START Supplied data

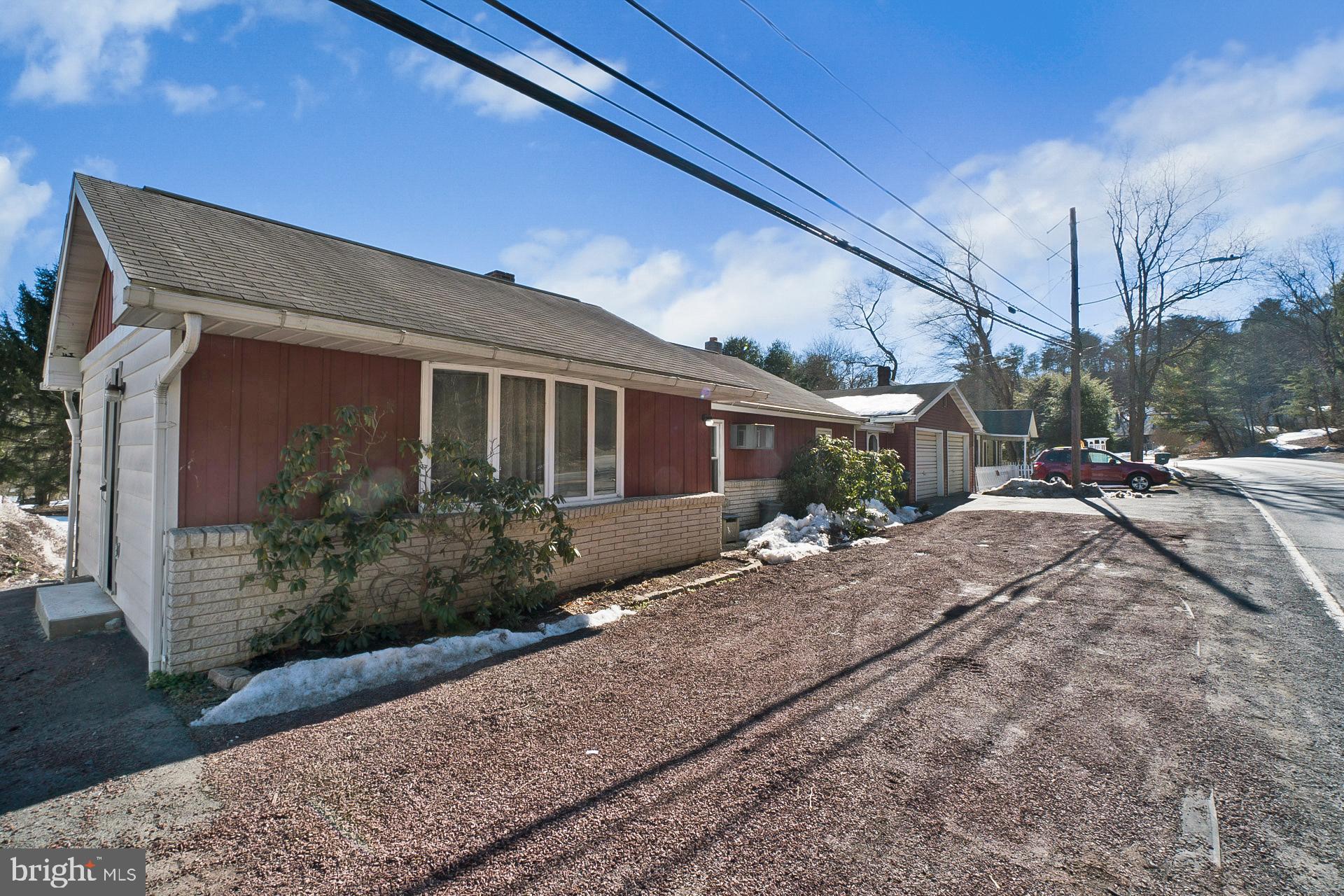 643 Fireline Road Palmerton, PA 18071 - Photo 2 of 40 Gallery Image 2
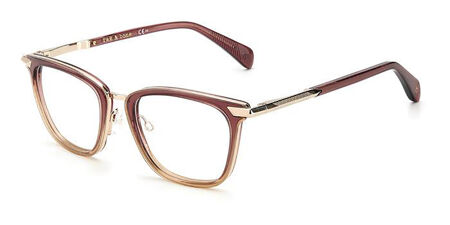 Rag & Bone RNB8001 Eyeglasses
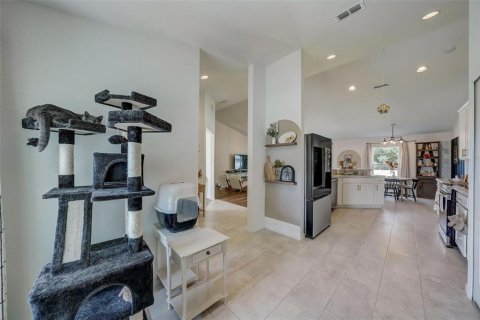 House in Winter Haven, Florida 3 bedrooms, 166.48 sq.m. № 1673567 - photo 30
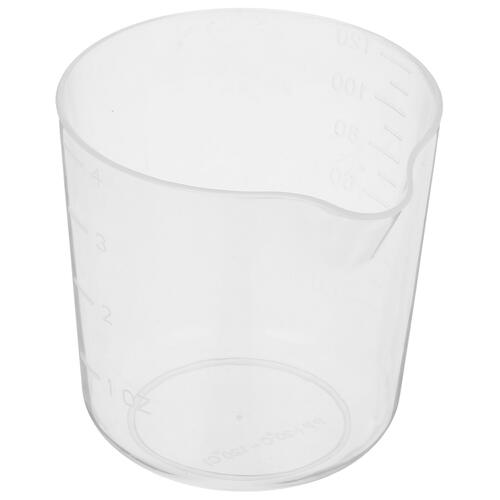 Купить Плита компактная электрическая Kitfort КТ-2076 черный  9966703. Характеристики, отзывы и цены в Донецке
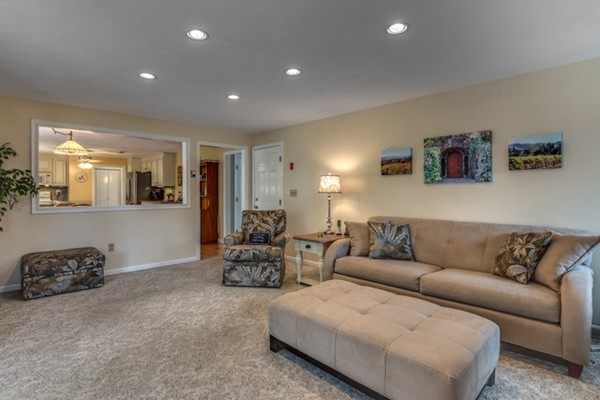 2 Old Homestead Road Groton, MA 01450 - Photo 15 of 30 Gallery Image 15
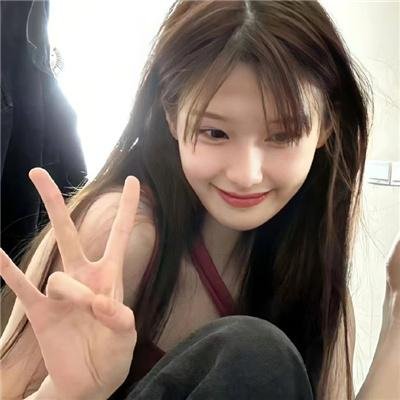 青春音乐梦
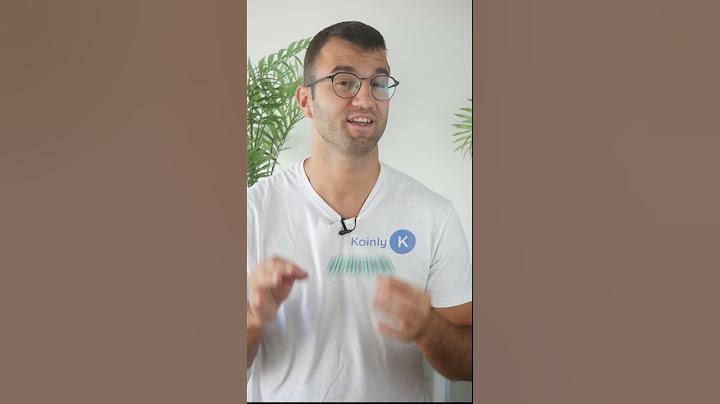 Hard Fork Vs Soft Fork Explained
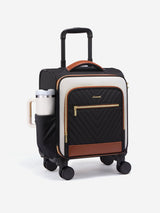 Carry on Luggage 14" 20" (ONLY US )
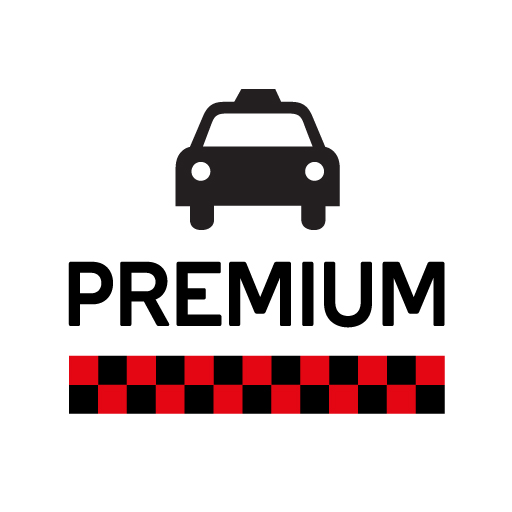 Taxi Premium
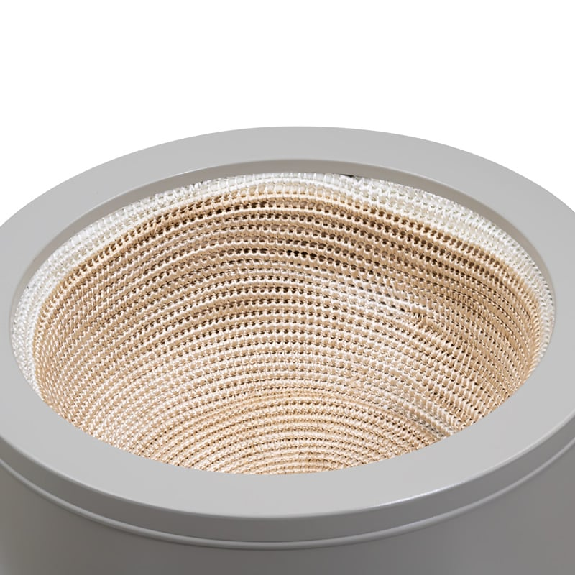 Mantello riscaldante PCE-HM 10000 per pallone da 10 000 ml-Leggi tutto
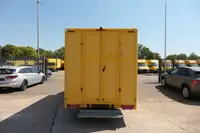 Iveco Daily 35 S11 C30C AUTOMATIK KAMERA MAXI - Thumbnail 6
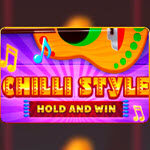 Chilli Style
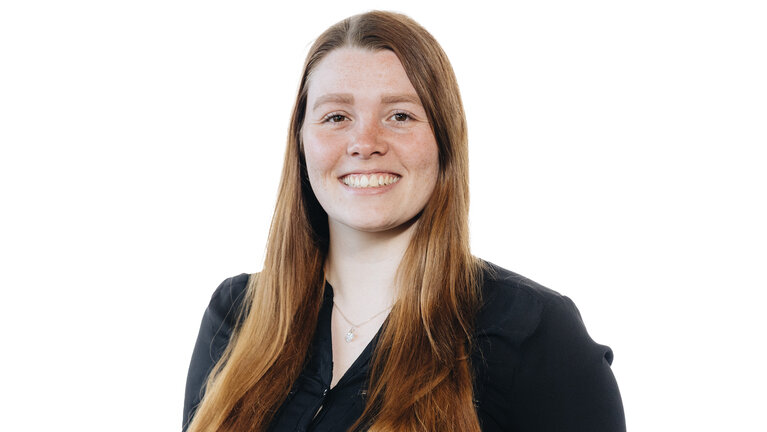 Cora Kieber Cora Kieber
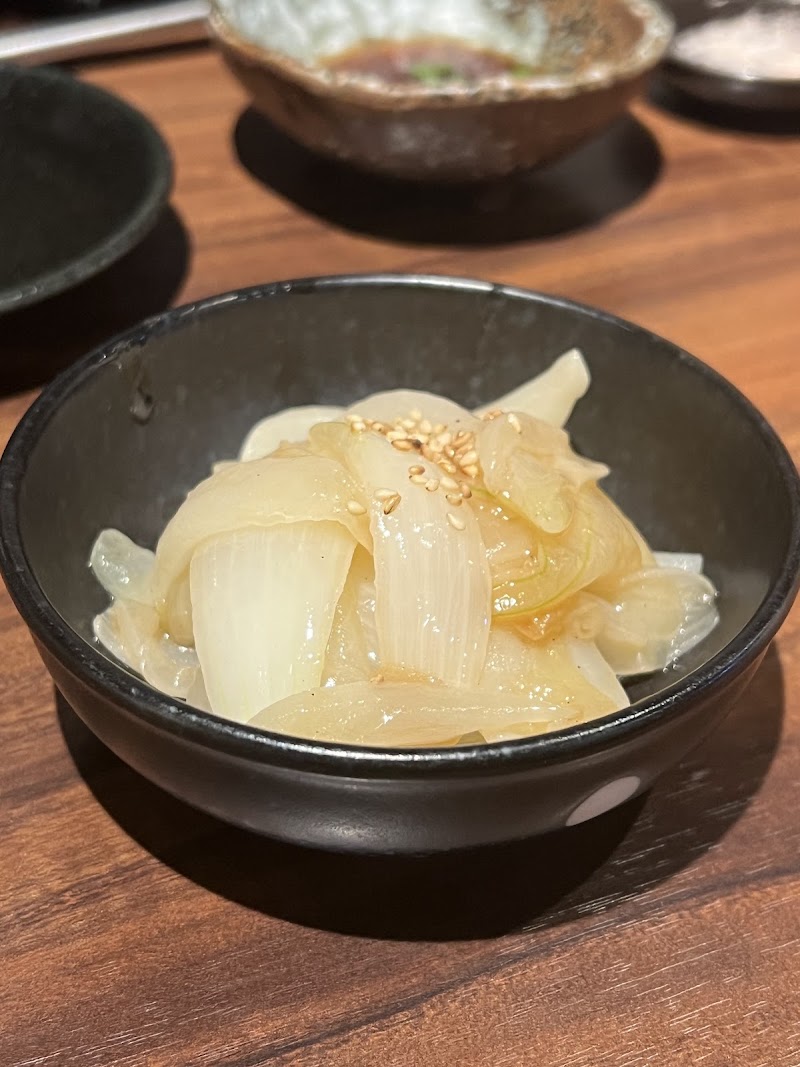 MIYAMA - MIYAMA Japan, 〒650-0004 Hyogo, Kobe, Chuo Ward, Nakayamatedōri, 1-chōme−6−２０ 高橋ビル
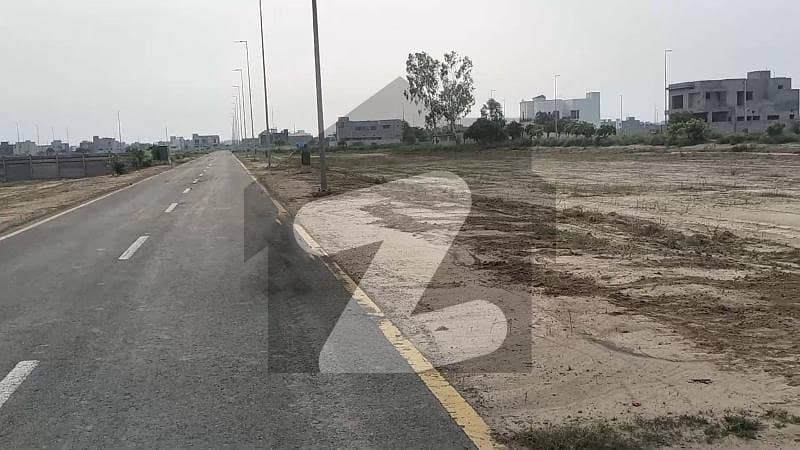 ڈی ایچ اے فیز 7 ڈیفنس (ڈی ایچ اے),لاہور میں 10 مرلہ رہائشی پلاٹ 1.3 کروڑ میں برائے فروخت۔ ڈی ایچ اے فیز 7 ڈیفنس (ڈی ایچ اے),لاہور میں 10 مرلہ رہائشی پلاٹ 1.3 کروڑ میں برائے فروخت۔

END Supplied data

◆ **Problem to work on**:
Transcribe only the lines between the line containing "Hard Fork Vs Soft Fork Explained" and the final line of the listing, inclusive, exactly as they appear; no pictures are to be included.

◆ **Answer**:
 Hard Fork Vs Soft Fork Explained
 Carry on Luggage 14" 20" (ONLY US )
 Taxi Premium
 Mantello riscaldante PCE-HM 10000 per pallone da 10 000 ml-Leggi tutto
 Iveco Daily 35 S11 C30C AUTOMATIK KAMERA MAXI - Thumbnail 6
 Chilli Style
 Cora Kieber Cora Kieber
 MIYAMA - MIYAMA Japan, 〒650-0004 Hyogo, Kobe, Chuo Ward, Nakayamatedōri, 1-chōme−6−２０ 高橋ビル
 ڈی ایچ اے فیز 7 ڈیفنس (ڈی ایچ اے),لاہور میں 10 مرلہ رہائشی پلاٹ 1.3 کروڑ میں برائے فروخت۔ ڈی ایچ اے فیز 7 ڈیفنس (ڈی ایچ اے),لاہور میں 10 مرلہ رہائشی پلاٹ 1.3 کروڑ میں برائے فروخت۔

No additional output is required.